A chi non l’ha mai visto, si racconta di “Natural Born Killers – Assassini nati” come di un film straordinariamente bello. Fatto sta invece che, forse per le eccessive aspettative, forse per quell’aura mitologica che l’avvolge, questo film, descritto come fenomenale, poco o niente ha del “cult movie”.
La storia narra di Mickey (Woody Harrelson) e Mallory (Juliette Lewis), coppia di svitati serial killer che si aggirano per l’America ad ammazzare senza costrutto (se mai se ne potesse ipotizzare uno). Il film (scritto da Quentin Tarantino) parte dalla presentazione di Mickey e Mallory Knox, una presentazione girata (da Oliver Stone) alla perfezione per descrivere le peculiarità dei due protagonisti, nonché l’ambiente in cui questi ultimi bazzicano. Con una costruzione temporale “tarantiniana”, il film passa a descrivere le varie fasi della vita dei due: dall’innamoramento, fino all’onirica conclusione delle vicende.
Il soggetto è particolarmente bello, se non fosse che, col proseguire della propria carriera, Tarantino non sia riuscito ad innovare il proprio modo di scrittura, rimanendo impigliato in una rete di cliché (a lungo andare) decisamente noiosa. La regia di Stone (oggi vista alla luce dei film di Tarantino, in particolare dei due volumi di “Kill Bill”) ha una funzionalità atipica. Il regista americano utilizza, come modalità di rappresentazione della parte più concitata del film (il lungo epilogo in carcere), una mistura poco ragionata di formati di pellicola: si passa in pochi secondi dallo sgranato finto-documentaristico, alla ripresa pulita, quasi sgargiante, passando per una fotografia con luci verdognole, fino a frame di cartoon (che, idealmente, rappresentano il tumulto interiore, ancor più parossistica della storia in sé, dei protagonisti). Il tutto in un’ambientazione ed una caratterizzazione dei personaggi che definire “iperrealistica” è puro eufemismo. Eppure, chiudendo sul rapporto Tarantino – Stone, occorre dire che la polemica alimentata dal soggettista in relazione alla scarsa aderenza della sceneggiatura alla storia, avrà una soluzione silente ed inequivocabilmente a favore di Stone quando Tarantino, diversi anni più tardi, imiterà (ma va!) lo stile di montaggio di NBK nei due capitoli di “Kill Bill”.

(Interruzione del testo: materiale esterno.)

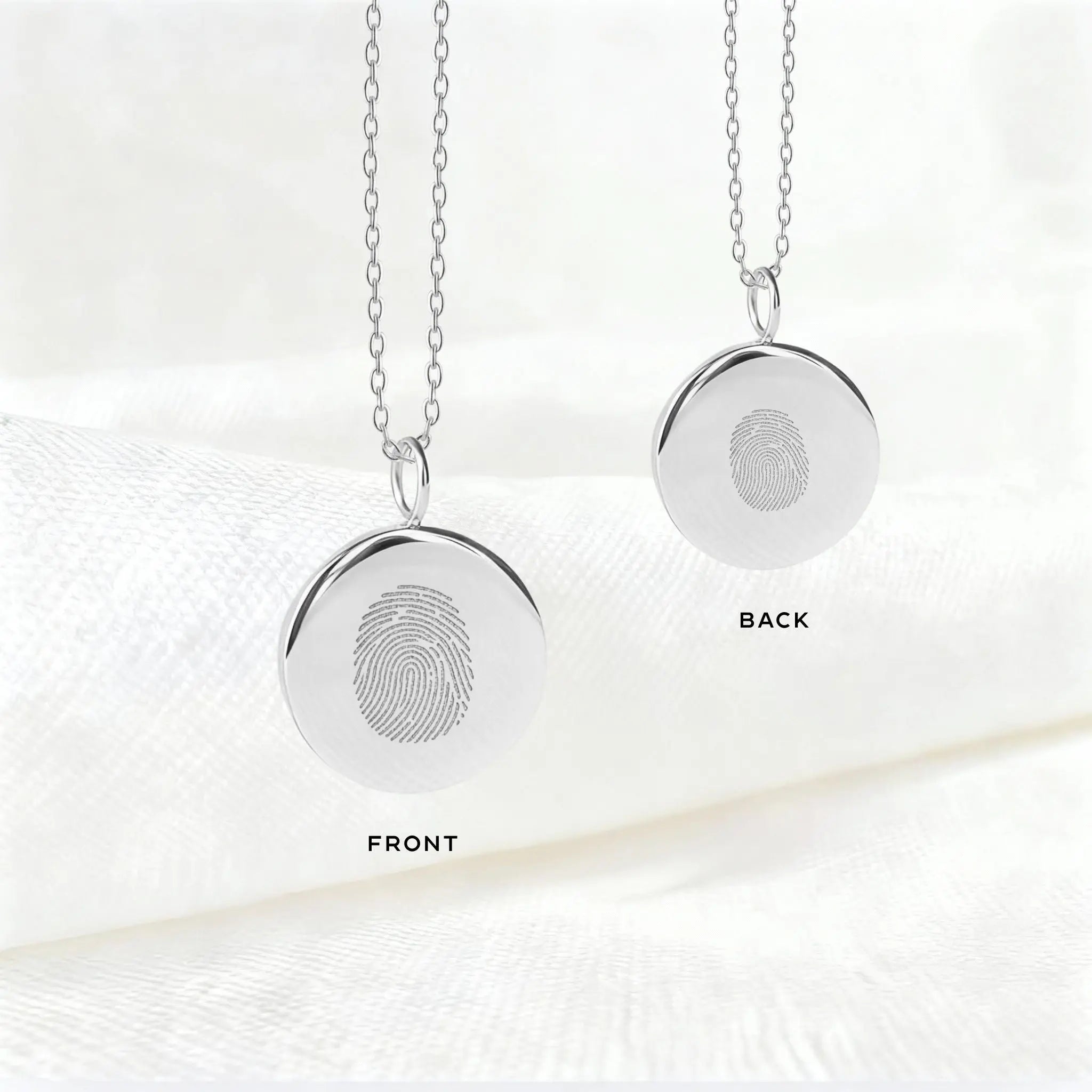 Front and back view of Danibydsgn single fingerprint coin necklace in 925 sterling silver, showcasing intricate details.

Il film appare, tutto sommato, ricco di trovate. Quella decisamente migliore è la rappresentazione dell’infanzia infelice di Mallory attraverso una sit-com: situazione estremamente spiazzante per l’estrema antiteticità della dicotomia fiction – realtà. Anche l’interpretazione degli attori non protagonisti è di ottimo livello: Tom Sizemore, che interpreta la maschera tarantiniana Jack Scagnetti, è un poliziotto truce e spietato al punto giusto; il direttore del carcere, interpretato da uno schizzatissimo Tommy Lee Jones, è un personaggio clamorosamente azzeccato: dal taglio di capelli fino al suo modo di gesticolare, il personaggio di McClusky attira l’attenzione su di sè per la gergalità colorita del 99% delle sue frasi; infine, capitolo a parte per Wayne Gale (un Robert Downey jr. mai più su questi livelli). Il personaggio del reporter spietato (figura tutt’altro che originale nella storia della settima arte) è tuttavia il perno ideale attorno a cui si muove la vicenda. Il film, per Oliver Stone, è un’occasione per fare della satira di costume: un attacco terroristico, diretto e premeditato, al sistema dei media americano. Un sistema corrotto, voyeristico e moralista allo stesso tempo, che incarna nella figura dello spietato Gale tutto il suo cinismo. La morale del film, ostentata più che suggerita, sta nel contrapporre una coppia di serial killer, con degli ideali forti e dei precisi desideri futuri, ad un giornalista particolarmente cinico e privo di scrupoli: la risultante del contrasto di queste due figure propone una violenza fisica meno meschina rispetto a quella moralmente scorretta perpetrata attraverso una telecamera ed un microfono. Stone però, come anticipato, ostenta il suo messaggio, finendo per ridicolizzarlo nel confronto a due finale tra Michey e Wayne.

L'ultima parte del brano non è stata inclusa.